Captioned web images
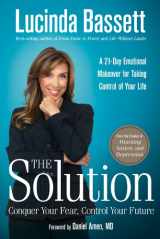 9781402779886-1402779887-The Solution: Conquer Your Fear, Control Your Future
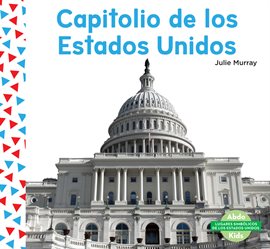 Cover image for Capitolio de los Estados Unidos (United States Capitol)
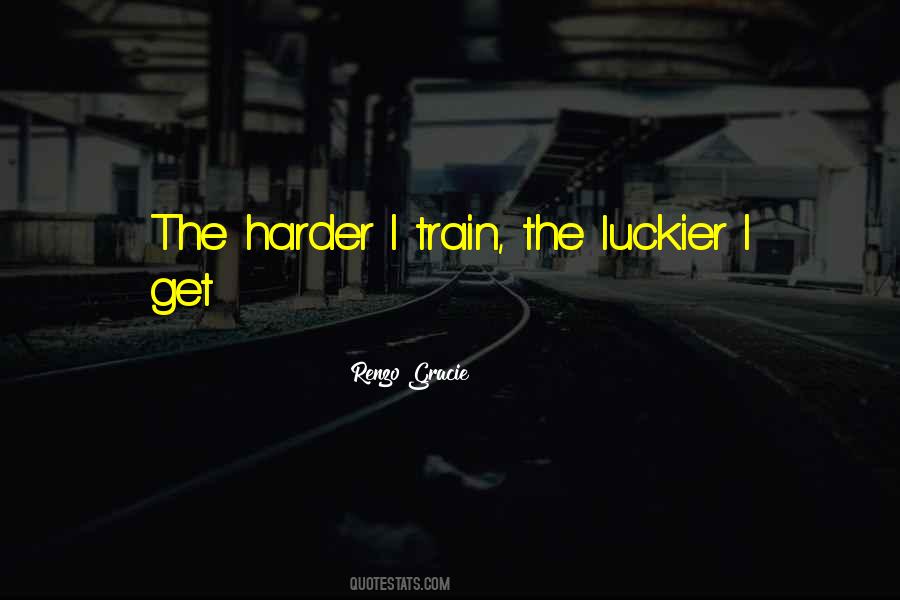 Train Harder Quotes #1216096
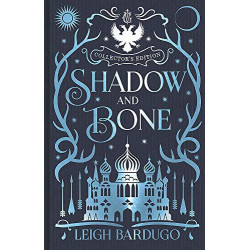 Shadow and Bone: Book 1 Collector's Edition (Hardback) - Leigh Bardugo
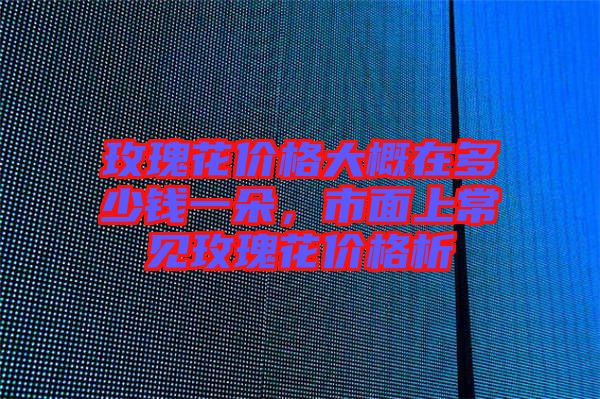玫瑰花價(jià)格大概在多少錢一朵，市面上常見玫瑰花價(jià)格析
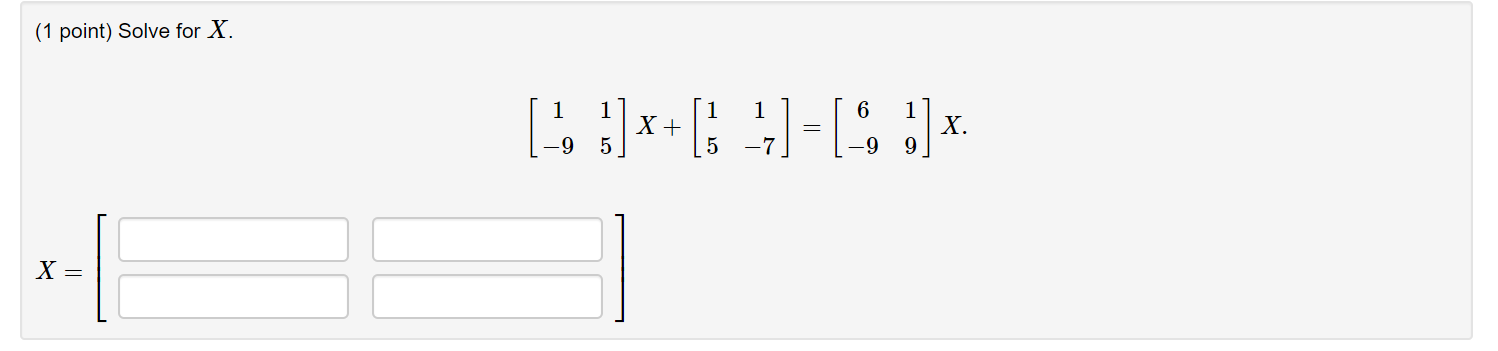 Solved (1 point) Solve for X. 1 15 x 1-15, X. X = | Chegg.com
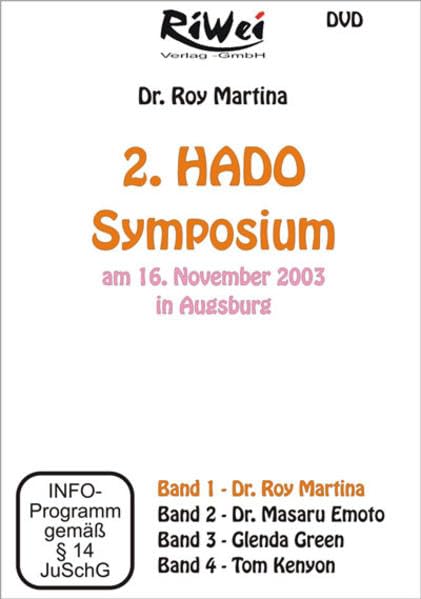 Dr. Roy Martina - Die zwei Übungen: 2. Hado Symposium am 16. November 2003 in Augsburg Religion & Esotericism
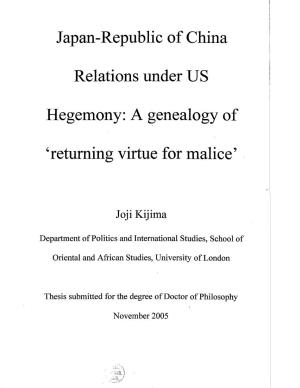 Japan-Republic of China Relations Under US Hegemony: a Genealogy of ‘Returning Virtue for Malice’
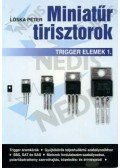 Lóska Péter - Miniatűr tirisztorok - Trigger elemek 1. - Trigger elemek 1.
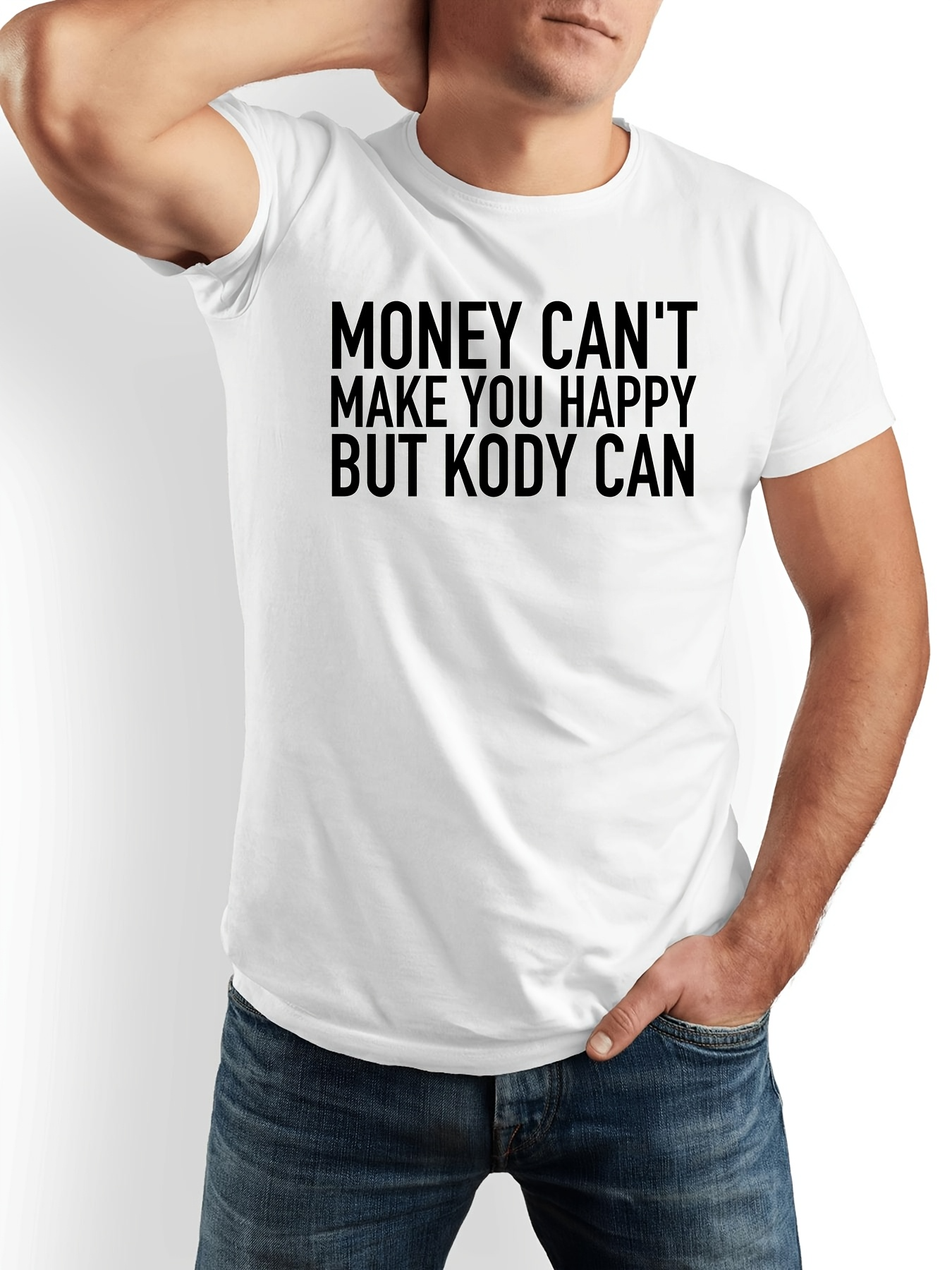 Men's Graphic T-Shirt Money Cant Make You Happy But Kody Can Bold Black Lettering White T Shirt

▶ **EXERCISE REQUIREMENTS**:
Each line from the one with "Train Harder Quotes #1216096" through the end of the entries should be reproduced exactly. Leave out the pictures.

▶ **ANSWER SPACE**:
 Train Harder Quotes #1216096
 Shadow and Bone: Book 1 Collector's Edition (Hardback) - Leigh Bardugo
玫瑰花價(jià)格大概在多少錢一朵，市面上常見玫瑰花價(jià)格析
 Solved (1 point) Solve for X. 1 15 x 1-15, X. X = | Chegg.com
 Dr. Roy Martina - Die zwei Übungen: 2. Hado Symposium am 16. November 2003 in Augsburg Religion & Esotericism
 Japan-Republic of China Relations Under US Hegemony: a Genealogy of ‘Returning Virtue for Malice’
 Lóska Péter - Miniatűr tirisztorok - Trigger elemek 1. - Trigger elemek 1.
 Men's Graphic T-Shirt Money Cant Make You Happy But Kody Can Bold Black Lettering White T Shirt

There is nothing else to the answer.